Success! The plot on the left confirms that our simulation recreated the moderated effects of self-control on delinquency across levels of moral beliefs as documented in earlier research (e.g., see Figure 5 above, though note our x-axis is reversed and we specified a nonlinear functional form).

Detour: On interactions in nonlinear models, psychoastronomy, & posterity

Before moving on, let’s take a brief detour. Note the interaction coefficient between high self-control and low morality is not statistically significant in the general sample (model 1a). Yet, we know there is an interaction in that sample because we simulated it to be there! Likewise, the nonparallel lines in the general sample’s plot confirm the existence of the exact interaction on the outcome scale that we intended to simulate.

Meanwhile, notice the interaction coefficient is statistically significant in the felony sample (model 1b). However, the outcome scale plot shows estimated effects of self-control on delinquency are nearly parallel (i.e., little to no interaction) across the minimum, mean, and +2SD values of low moral beliefs. At the very least, these plots imply a much stronger interaction on the outcome scale in the general sample compared to the felony sample, which is the exact opposite conclusion one might draw from a naive interpretation of the magnitude and statistical significance of the model’s linear interaction coefficients.

Hence, these simulated results help illustrate an important lesson: Never rely on the statistical significance test results of an interaction term in a generalized linear model with a nonlinear link function (e.g., logistic; Poisson; negative binomial) to determine whether there is a significant interaction.^{2} Instead, we recommend estimating and plotting the potential interaction on the outcome probability or count scale and calculating predicted marginal contrasts when estimating and interpreting these types of models.

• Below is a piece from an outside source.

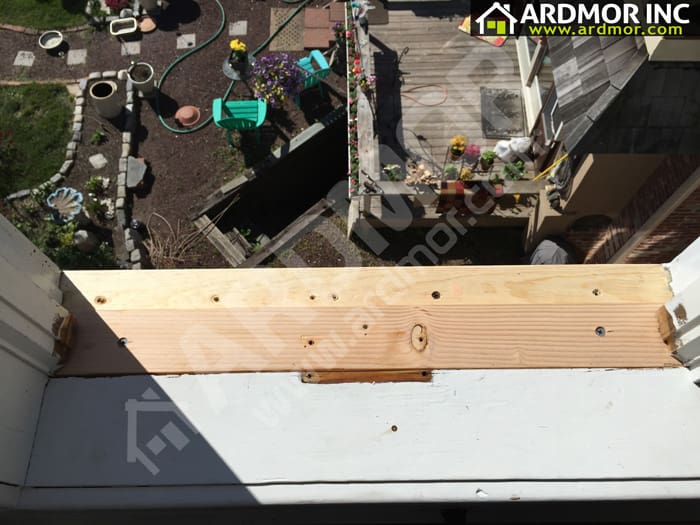 Rotten-Andersen-window-sill-bucks-county,pa-in-process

This is not simply an issue of preferences, nor is it an insignificant concern - and no, simply reporting odds ratios or risk ratios does not solve the problem either. Rather, the issue stems from fundamental yet oft-misunderstood differences between linear and generalized linear models. We are diving deeper into this issue with additional examples in an upcoming blog post. For now, we do not expect you to just take our word for it. Here are recent editors of American Sociological Review offering guidelines on the same issue:

“The case is closed: don’t use the coefficient of the interaction term to draw conclusions about statistical interaction in categorical models such as logit, probit, Poisson, and so on.”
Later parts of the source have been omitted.